Ice cream: Steep fresh mint leaves in milk and cream. Strain. Mix with ten (!) egg yolks and sugar and cook to make a custard. Chill. Freeze in ice cream machine and add finely minced chocolate towards the end of this process. Abandon all self-control and eat a pint of stupendous, satiny ice cream before you wash all the dishes. 

And there were a lot of dishes. But it was one heckuva dinner.

12 comments:

  1. "Bathed in this sauce, the chicken breasts will be so richly flavored you'll forget you're eating chicken breasts."

    This just sold me.
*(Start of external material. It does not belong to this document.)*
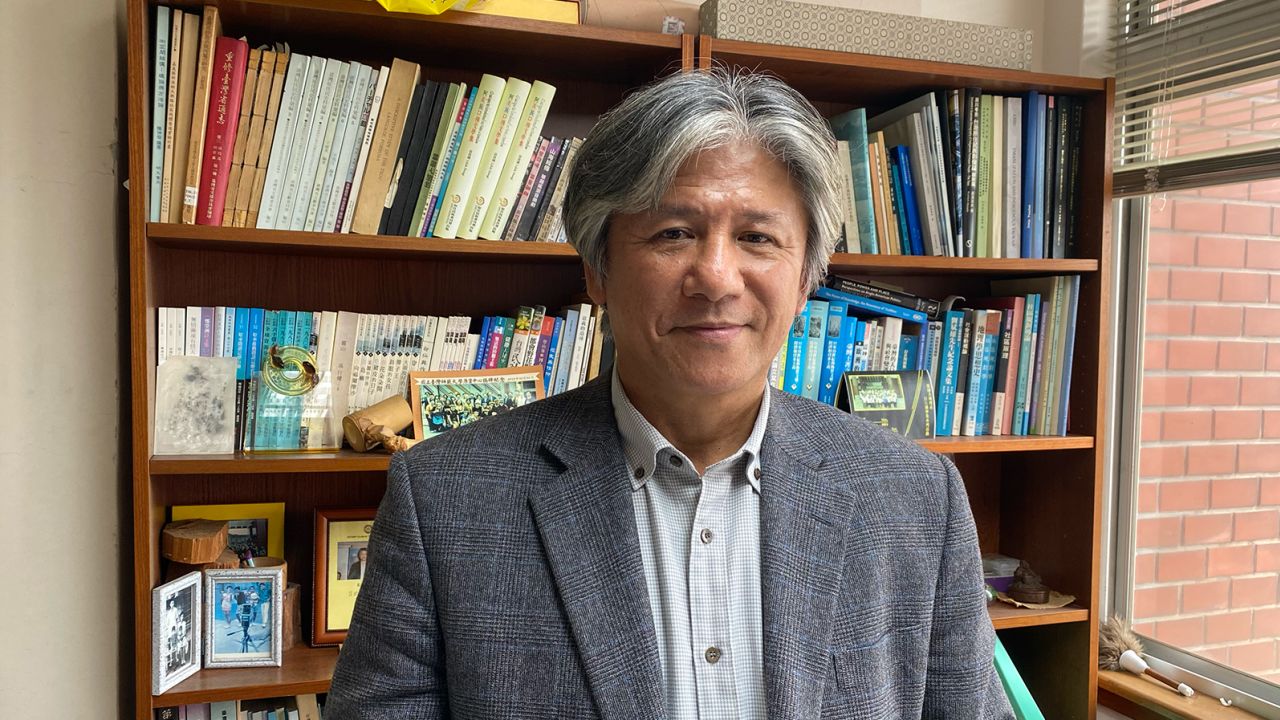 Tibusungu 'e Vayayana, also known as Wang Ming-huey,  teaches indigenous studies at National Taiwan Normal University.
Pretty sure I'll be buying the book this weekend.

    ReplyDelete
  2. The qualifier of "Well, that you've cooked." That is terrific stuff right there.

    I want that ice cream.

    ReplyDelete
  3. You are definitely on your game today Tipsy. But I agree with Layne -- Owen's qualifier was killer.

    ReplyDelete
  4. I am always looking for great chicken breast recipes since my husband doesn't like them as much as I do. So I googled the recipe and found it in the NY Times. Thanks!

    ReplyDelete
  5. I'm going a little ice cream nuts this week and have a spare package of Thin Mints handy. hmmm.

    Also, as a lurker, I just wanted to say that one of the reasons I love to read your blog is that you write so warmly and thoughtfully about your relationship with your kids--they seem like great people and it really seems like you all know how to enjoy one another. Your post about your nephew was one of my favorites and will be used as a model for many future episodes of cool-aunt-ness on my part.

    ReplyDelete
  6. Ad Hoc just came in for me at the library. I'm a little scared of it already.

    ReplyDelete
  7. Will you perchance sometime share your secret(s) for not becoming hugely fat?

    ReplyDelete
  8. Here here to Kate's post! That's why I like food blogs (and yours in particular). I feel like I'm eating butter, bacon and ice cream, but I'm not.

    ReplyDelete
  9. here's the recipe on nytimes: http://www.nytimes.com/2009/10/28/dining/281krex.html

    looks like they adapted it to use a standard pre-mixed curry powder to make it easier. i'm going to try it!

    ReplyDelete
  10. He really does love his egg yolks, doesn't he? Husband wanted to make pasta last night and so looked up the Keller recipe. FOURTEEN egg yolks?!?! I assumed it must have been a recipe for five pounds of pasta, but no. Suffice to say he went with a different recipe.

    ReplyDelete
  11. This is the only thing I've ever read that's made me want to cook from Ad Hoc.